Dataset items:
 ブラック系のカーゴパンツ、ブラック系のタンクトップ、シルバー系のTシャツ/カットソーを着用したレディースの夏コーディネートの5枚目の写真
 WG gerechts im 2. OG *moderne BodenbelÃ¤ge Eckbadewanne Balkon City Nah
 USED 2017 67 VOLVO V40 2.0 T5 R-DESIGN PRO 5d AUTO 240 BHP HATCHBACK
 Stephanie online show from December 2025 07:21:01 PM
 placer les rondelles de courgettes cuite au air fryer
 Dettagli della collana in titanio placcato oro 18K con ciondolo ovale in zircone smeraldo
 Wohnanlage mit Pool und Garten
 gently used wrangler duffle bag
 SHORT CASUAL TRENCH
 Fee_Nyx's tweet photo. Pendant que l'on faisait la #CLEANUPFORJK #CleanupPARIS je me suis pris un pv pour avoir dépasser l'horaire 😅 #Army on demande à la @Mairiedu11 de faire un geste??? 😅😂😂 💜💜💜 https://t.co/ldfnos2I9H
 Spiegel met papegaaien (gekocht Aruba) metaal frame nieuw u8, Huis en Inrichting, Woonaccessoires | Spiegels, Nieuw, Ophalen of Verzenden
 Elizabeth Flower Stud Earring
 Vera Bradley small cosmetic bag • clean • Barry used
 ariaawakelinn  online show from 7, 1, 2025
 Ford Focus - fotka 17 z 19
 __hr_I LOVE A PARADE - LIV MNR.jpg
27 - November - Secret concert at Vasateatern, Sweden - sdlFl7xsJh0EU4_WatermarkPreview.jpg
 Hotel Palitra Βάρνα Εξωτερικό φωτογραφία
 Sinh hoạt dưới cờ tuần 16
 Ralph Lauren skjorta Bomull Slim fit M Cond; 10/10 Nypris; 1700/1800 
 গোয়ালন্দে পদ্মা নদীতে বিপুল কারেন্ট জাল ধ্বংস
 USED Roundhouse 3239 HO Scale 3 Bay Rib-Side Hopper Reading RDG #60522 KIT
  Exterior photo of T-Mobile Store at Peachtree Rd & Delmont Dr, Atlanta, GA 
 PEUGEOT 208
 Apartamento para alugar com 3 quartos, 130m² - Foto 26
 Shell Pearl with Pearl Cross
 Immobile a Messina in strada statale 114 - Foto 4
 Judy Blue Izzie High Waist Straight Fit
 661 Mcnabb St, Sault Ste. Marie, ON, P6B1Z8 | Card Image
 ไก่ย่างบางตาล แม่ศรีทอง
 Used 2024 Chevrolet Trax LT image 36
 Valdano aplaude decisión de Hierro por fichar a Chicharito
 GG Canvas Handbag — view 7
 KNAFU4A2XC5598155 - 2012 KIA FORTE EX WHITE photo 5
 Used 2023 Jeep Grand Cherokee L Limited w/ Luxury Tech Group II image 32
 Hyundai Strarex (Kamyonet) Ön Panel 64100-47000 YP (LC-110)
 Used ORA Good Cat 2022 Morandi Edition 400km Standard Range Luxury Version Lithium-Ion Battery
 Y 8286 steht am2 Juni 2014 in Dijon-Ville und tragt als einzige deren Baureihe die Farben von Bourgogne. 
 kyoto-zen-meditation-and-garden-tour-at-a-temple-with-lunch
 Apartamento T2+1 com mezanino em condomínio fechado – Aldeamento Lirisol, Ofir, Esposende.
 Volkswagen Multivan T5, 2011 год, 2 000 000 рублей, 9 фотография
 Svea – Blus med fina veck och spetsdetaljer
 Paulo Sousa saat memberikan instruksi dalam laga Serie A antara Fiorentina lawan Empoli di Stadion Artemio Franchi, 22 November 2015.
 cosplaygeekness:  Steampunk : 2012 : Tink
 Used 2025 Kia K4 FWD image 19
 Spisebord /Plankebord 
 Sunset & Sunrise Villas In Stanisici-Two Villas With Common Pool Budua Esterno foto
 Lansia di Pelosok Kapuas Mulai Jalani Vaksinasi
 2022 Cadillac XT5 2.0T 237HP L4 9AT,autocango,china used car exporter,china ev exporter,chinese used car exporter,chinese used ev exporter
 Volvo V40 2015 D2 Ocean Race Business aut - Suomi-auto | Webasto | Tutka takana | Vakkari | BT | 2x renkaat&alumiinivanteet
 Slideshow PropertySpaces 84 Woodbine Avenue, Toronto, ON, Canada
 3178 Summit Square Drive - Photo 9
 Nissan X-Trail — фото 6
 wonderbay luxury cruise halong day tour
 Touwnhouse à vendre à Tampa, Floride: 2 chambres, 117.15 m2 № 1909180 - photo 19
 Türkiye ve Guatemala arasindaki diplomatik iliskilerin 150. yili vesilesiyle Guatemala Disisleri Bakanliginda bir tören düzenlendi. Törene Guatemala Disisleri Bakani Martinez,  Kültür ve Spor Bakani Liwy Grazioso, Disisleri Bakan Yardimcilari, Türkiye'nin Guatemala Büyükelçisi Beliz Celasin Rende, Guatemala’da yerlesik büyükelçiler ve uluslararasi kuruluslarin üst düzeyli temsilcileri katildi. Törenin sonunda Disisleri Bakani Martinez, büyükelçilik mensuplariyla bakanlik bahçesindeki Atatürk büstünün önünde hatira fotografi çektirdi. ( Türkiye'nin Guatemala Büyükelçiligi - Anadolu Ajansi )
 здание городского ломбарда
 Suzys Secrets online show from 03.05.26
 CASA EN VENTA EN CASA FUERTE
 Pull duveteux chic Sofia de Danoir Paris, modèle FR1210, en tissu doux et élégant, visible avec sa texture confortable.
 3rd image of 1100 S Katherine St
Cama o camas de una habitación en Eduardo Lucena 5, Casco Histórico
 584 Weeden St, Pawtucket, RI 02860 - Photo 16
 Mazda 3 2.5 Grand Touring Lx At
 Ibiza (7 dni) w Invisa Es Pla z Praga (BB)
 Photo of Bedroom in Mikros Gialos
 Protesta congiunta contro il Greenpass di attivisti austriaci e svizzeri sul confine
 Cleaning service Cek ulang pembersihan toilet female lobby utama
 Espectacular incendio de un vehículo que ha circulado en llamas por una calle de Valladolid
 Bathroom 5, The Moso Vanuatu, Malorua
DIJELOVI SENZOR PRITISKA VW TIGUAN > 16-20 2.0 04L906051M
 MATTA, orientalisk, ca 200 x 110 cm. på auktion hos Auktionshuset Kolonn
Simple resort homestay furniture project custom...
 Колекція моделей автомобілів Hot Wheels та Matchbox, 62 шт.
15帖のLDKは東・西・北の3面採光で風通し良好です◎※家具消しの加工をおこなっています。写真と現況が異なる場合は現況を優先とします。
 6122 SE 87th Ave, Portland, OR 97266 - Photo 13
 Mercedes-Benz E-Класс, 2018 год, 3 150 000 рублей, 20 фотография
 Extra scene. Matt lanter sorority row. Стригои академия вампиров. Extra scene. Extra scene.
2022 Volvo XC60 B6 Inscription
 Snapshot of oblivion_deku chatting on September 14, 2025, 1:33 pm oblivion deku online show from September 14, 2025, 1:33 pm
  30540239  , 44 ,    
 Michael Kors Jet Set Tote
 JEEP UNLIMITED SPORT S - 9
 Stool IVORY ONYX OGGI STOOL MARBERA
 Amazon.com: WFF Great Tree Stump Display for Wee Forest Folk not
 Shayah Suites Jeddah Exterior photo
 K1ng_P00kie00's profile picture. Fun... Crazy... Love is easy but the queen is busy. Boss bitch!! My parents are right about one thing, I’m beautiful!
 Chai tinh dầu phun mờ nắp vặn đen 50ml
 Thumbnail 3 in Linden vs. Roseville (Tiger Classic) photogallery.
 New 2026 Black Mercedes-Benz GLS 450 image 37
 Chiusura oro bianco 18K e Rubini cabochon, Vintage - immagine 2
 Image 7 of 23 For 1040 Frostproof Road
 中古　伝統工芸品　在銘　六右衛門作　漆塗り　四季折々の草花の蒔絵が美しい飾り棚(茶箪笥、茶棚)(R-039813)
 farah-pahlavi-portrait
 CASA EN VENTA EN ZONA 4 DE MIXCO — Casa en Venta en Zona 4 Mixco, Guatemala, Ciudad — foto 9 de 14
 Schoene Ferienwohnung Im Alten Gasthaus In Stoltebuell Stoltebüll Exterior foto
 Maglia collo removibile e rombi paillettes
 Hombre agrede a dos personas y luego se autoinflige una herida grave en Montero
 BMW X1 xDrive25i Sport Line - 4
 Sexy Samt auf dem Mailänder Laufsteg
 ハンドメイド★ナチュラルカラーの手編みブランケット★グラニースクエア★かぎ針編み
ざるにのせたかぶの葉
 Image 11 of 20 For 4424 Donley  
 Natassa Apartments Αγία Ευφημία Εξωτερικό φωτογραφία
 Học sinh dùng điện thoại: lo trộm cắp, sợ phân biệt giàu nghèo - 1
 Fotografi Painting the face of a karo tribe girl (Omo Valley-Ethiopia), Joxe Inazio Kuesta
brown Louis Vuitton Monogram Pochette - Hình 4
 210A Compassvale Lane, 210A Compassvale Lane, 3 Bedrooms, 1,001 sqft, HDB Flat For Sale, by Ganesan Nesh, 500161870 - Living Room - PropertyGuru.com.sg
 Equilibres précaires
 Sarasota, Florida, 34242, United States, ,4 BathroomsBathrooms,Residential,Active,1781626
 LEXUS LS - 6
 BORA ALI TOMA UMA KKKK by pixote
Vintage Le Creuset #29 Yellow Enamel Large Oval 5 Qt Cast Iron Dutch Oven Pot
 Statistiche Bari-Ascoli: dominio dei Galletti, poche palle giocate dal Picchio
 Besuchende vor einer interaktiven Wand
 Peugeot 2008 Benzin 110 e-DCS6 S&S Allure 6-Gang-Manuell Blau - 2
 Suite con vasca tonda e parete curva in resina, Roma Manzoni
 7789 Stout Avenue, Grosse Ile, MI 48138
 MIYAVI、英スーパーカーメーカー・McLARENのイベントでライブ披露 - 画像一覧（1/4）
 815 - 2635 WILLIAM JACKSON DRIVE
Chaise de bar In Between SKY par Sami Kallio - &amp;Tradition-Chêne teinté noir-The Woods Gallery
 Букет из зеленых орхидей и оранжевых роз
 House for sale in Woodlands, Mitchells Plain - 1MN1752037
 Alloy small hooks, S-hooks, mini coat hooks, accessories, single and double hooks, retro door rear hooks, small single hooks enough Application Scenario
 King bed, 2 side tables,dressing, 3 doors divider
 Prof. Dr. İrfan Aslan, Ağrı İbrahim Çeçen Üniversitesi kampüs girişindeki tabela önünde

Task description: Taking the entries above, write out exactly the lines starting with the line containing "Suzys Secrets online show from 03.05.26" and going on through the line containing "3rd image of 1100 S Katherine St", both included, and nothing else.

Output of the task:
 Suzys Secrets online show from 03.05.26
 CASA EN VENTA EN CASA FUERTE
 Pull duveteux chic Sofia de Danoir Paris, modèle FR1210, en tissu doux et élégant, visible avec sa texture confortable.
 3rd image of 1100 S Katherine St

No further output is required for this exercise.